## PROBLEM DESCRIPTION
The data that follows must be transcribed in full and exactly, minus the pictures.
=== Begin Enclosure ===
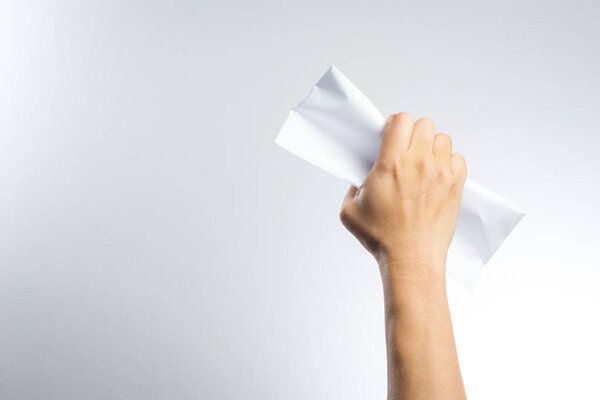 рука держит конверт жесткий
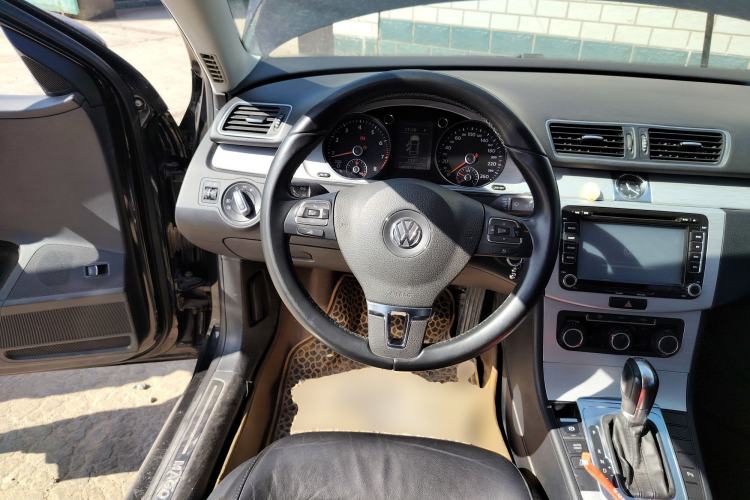 Used Volkswagen Magotan 2013 1.8TSI Premier Model Steering Wheel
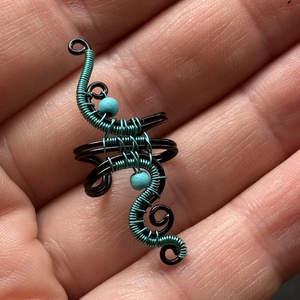 Fekete és türkiz fülgyűrű - ékszer - fülbevaló - fülgyűrű - Meska.hu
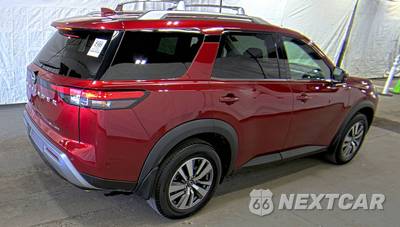 2023 Nissan Pathfinder SL - zdjęcie 4 z 23 - miniatura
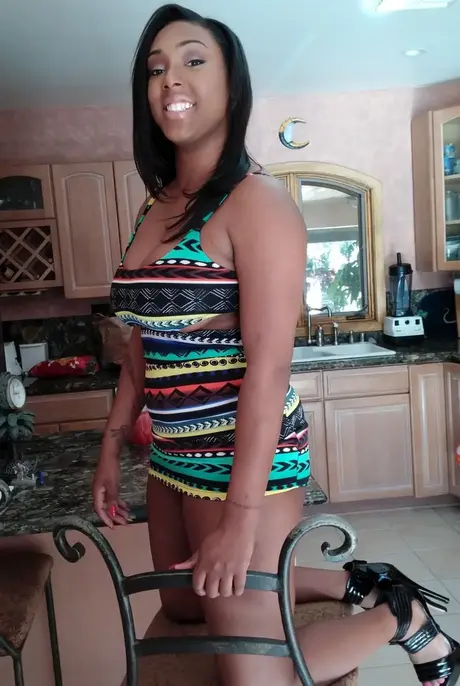 La impresionante belleza negra Lisa Tiffian en una escena hardcore con una polla monstruosa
=== End Enclosure ===
## RESULT FOR THIS EXERCISE
 рука держит конверт жесткий
 Used Volkswagen Magotan 2013 1.8TSI Premier Model Steering Wheel
 Fekete és türkiz fülgyűrű - ékszer - fülbevaló - fülgyűrű - Meska.hu
 2023 Nissan Pathfinder SL - zdjęcie 4 z 23 - miniatura
 La impresionante belleza negra Lisa Tiffian en una escena hardcore con una polla monstruosa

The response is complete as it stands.